# 2009-2010 GTRs do they come with launch control



## bobbie (Jan 3, 2013)

Been told by Nissan that they do not come with launch control, whats this about thought they all come with it, or are they calling it something else to cover there asses?

Bobby


----------



## perrin21 (Aug 10, 2012)

bobbie said:


> Been told by Nissan that they do not come with launch control, whats this about thought they all come with it, or are they calling it something else to cover there asses?
> 
> Bobby



Launch control was removed from 10MY cars, it can be re-added with ecutek software. The older cars benefit greatly from having the software upgraded (you would have to do this) in the gearbox to 2012/13 spec, it is much easier on the gearbox than the early cars. 2 functions are added, R mode start and Launch control without traction control.
From memory it was removed as Nissan claimed the early cars were not officially given launch control and that it was in fact a feature for freeing a car stuck in mud.


----------



## ChuckUK (Jan 1, 2009)

When I purchased my 59 plate I was told I would loose my warranty if I launched the car.


----------



## perrin21 (Aug 10, 2012)

ChuckUK said:


> When I purchased my 59 plate I was told I would loose my warranty if I launched the car.


Thats because you would have to change the software to be able to do it. lol


----------



## ASH-R35 (Jun 7, 2013)

So do they come with launch control or not?....


----------



## R35Audio (Jul 9, 2002)

The official line is that launch wasn't introduced until 2011 but thats not to say that holding your left foot on the brake and planting your right foot on the throttle until it settles and letting go on the brake does'nt work on 2009/2010 cars. There are improvements that the gearbox software upgrades can do like LC4 LC5 and LC6 but I'm pretty sure, it will launch you without Ecutek or Cobb. Just not as well as a 2011 car will.


----------



## CT17 (Mar 25, 2011)

They come with a rev limiter.
It's not launch control!

The method for launching the car is just a way to hold the revs high while setting off, which puts a decent amount of stress on the car.

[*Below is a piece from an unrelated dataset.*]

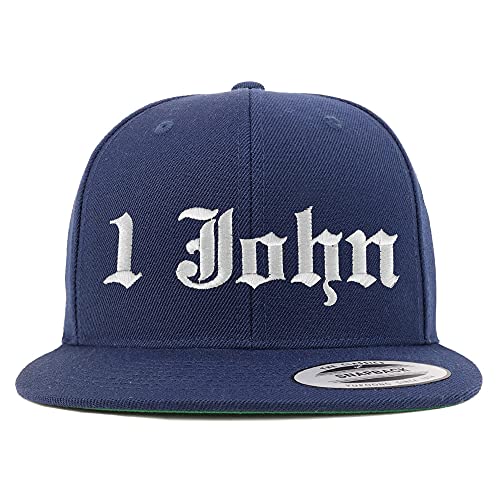 Trendy Apparel Shop 1 John Old English Embroidered Flatbill Snapback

So, do they have launch control... No.
But they do have a rev limiter function (not the same as the launch control on MY11+ cars) that people tend to call launch control... and it wasn't covered under warranty.


----------



## ChuckUK (Jan 1, 2009)

The original cars so called launch control was designed to get the GTR out of mud or snow but users were using this as a launch control feature. It launched at 4500rpm, in the 2010 this dropped to 3000rpm to save transmissions.

Do a search on YouTube, the process is no different to the feature today, call it what you like the results were the same. With the reprogrammed launch via EcuTek you can vary the RPM, but it's still the same.

Therefore in my view all cars have launch control.


----------



## Adamantium (Jun 24, 2002)

As rich said.

It requires traction control off on pre 11 cars and was just a rev limiter. On post 11 requires r mode on and co trols wheel slip and throttle to deliver optimum launch.

It is known as lc4 onwards and can be retrofitted. LC 1 2 and 3 are not LC.


----------



## R35Audio (Jul 9, 2002)

I think i remember someone saying that even LC4, 5 or 6 can't replicate the 2011 software if updated on earlier cars. There must be some more logic written into the ECU which helps the 2011 cars control launch better.


----------